[Exercise prompt] Using the records below, write out again exactly the lines that begin at the line containing "lot 422 image: World" and end at the line containing "1605 E Del Mar Blvd, Laredo, Texas", and no other lines.

[The records]
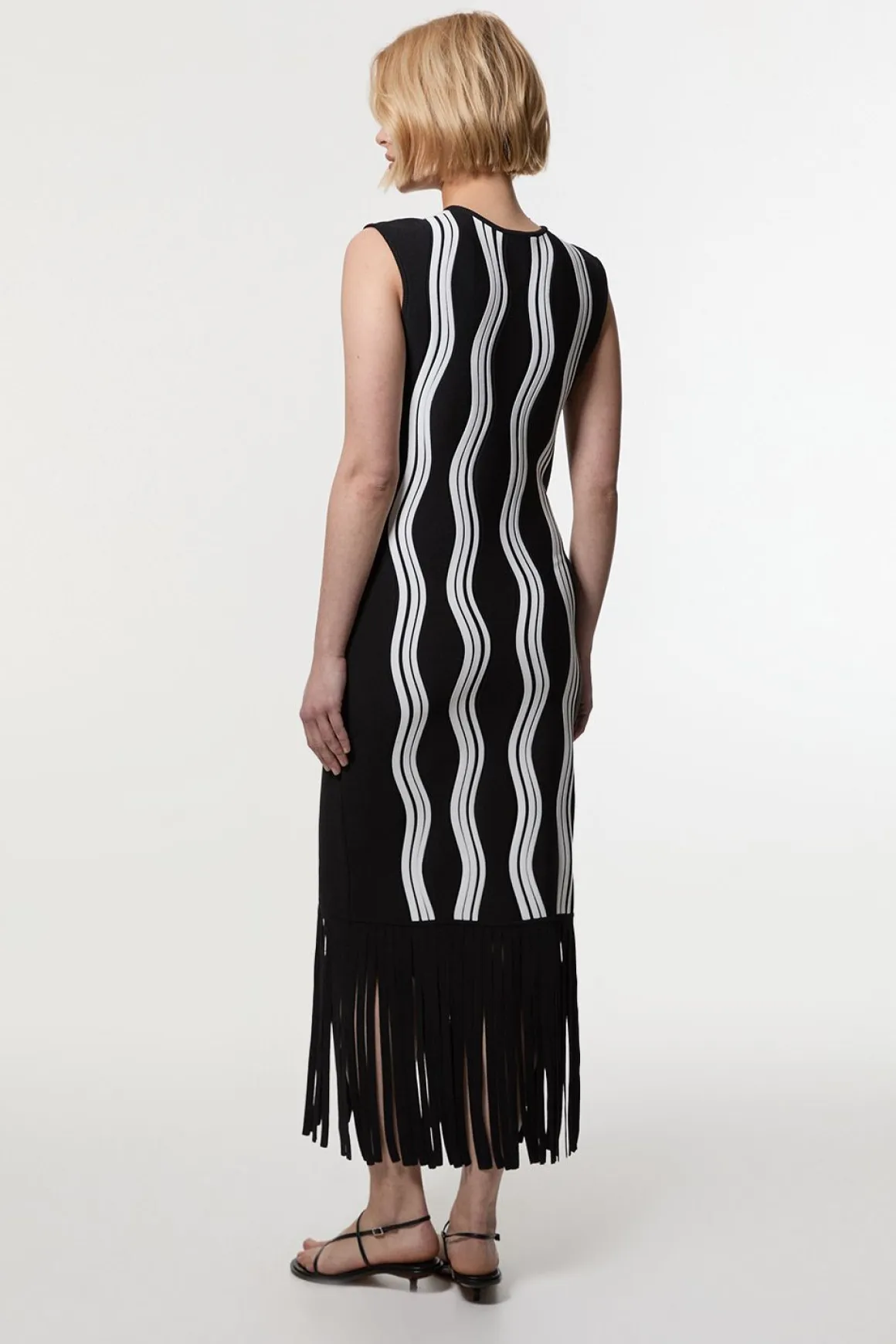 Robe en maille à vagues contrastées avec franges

* * *

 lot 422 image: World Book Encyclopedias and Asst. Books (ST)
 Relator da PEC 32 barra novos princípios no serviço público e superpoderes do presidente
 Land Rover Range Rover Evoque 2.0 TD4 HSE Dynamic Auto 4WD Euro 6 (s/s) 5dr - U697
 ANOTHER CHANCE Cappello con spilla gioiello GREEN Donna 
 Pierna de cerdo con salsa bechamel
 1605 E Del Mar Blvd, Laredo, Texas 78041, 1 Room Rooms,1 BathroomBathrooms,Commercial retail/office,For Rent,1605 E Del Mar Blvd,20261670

[Written response]
 lot 422 image: World Book Encyclopedias and Asst. Books (ST)
 Relator da PEC 32 barra novos princípios no serviço público e superpoderes do presidente
 Land Rover Range Rover Evoque 2.0 TD4 HSE Dynamic Auto 4WD Euro 6 (s/s) 5dr - U697
 ANOTHER CHANCE Cappello con spilla gioiello GREEN Donna 
 Pierna de cerdo con salsa bechamel
 1605 E Del Mar Blvd, Laredo, Texas 78041, 1 Room Rooms,1 BathroomBathrooms,Commercial retail/office,For Rent,1605 E Del Mar Blvd,20261670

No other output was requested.